What started in a four-week memoir writing class at the Rehoboth Beach Historical Society became a steady stream of vignettes written over the last four years. The collection is titled “Sown in Silk City: A Life Rooted in Paterson, New Jersey.”

Soon after Kathy and her husband John moved to Millsboro in 2016 from northern New Jersey, she checked the papers for activities that caught her interest. “When I read about a memoir writing course in Rehoboth, I registered right away,” she said.

After an in-class assignment to write a six-word memoir, her memoir writing took off. “Rae Tyson of the Osher Lifelong Learning Institute of the University of Delaware encouraged me. Discovering an untapped talent in writing creative nonfiction was a happy surprise,” she said.

The result is a collection of stories about being a kid in Paterson, the city Alexander Hamilton founded as a manufacturing center in 1792. “When textiles became Paterson’s primary industry in the late 1800s, it naturally followed that its nickname became ‘Silk City,’” Salamone said. The city thrived on its multinational immigrant population, among whom were her paternal and maternal grandparents, who settled there around 1900.

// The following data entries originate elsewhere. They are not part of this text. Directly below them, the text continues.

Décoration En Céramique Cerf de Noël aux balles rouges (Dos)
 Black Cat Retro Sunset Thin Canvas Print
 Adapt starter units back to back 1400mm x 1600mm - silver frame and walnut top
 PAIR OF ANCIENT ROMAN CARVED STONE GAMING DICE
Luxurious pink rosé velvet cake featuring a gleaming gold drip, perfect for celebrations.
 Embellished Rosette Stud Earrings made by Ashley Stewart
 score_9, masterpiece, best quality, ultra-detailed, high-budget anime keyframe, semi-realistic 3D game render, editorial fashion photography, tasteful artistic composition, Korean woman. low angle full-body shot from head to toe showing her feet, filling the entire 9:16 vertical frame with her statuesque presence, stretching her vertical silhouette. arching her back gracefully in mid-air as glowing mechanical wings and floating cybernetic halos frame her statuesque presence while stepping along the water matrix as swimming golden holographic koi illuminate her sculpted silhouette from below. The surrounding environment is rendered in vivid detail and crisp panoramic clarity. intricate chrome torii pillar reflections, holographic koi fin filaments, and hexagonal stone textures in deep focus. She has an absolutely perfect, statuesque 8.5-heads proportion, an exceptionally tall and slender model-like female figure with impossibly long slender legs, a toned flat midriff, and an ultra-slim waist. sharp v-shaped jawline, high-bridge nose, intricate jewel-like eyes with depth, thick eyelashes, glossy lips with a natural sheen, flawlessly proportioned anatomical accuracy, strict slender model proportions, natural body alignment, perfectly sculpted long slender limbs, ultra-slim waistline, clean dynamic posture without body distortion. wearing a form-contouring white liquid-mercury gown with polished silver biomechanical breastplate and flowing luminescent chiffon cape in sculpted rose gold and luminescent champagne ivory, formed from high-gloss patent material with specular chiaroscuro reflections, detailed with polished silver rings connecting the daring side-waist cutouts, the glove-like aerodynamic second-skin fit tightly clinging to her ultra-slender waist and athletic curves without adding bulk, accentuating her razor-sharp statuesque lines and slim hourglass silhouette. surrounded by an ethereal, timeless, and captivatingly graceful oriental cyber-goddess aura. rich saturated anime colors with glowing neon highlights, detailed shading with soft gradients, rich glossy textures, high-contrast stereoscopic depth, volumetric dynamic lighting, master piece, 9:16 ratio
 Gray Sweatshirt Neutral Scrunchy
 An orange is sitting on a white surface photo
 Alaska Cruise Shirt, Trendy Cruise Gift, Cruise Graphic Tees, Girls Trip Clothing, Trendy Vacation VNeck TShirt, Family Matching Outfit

Salamone credits her sixth-grade teacher with noticing her writing skills. “At first, it was compositions in grammar school, then in high school, the school newspaper, and the yearbook. In college, I studied English literature and then earned my master’s degree,” she said.

Beginning as an associate editor of a trade publication, Salamone later wrote and edited employee publications, created and completed marketing plans, and managed internal and external communications at a multinational healthcare company and at two hospitals in New Jersey. She put her career on hold while raising her three children, but volunteered her writing talents to local organizations and did freelance writing.

Salamone said when her parents married in 1941, her Italian upbringing was set in sauce, so to speak. “I grew up in a loving household where life centered around family and food. My early life became the easiest thing in the world to write about. I have a file of other vignettes I hope to publish in another collection,” she said.

”Sown in Silk City” features vintage photos of Salamone’s family members that capture the Italian American experience. It can be ordered through Amazon as a print version and an eBook on Kindle.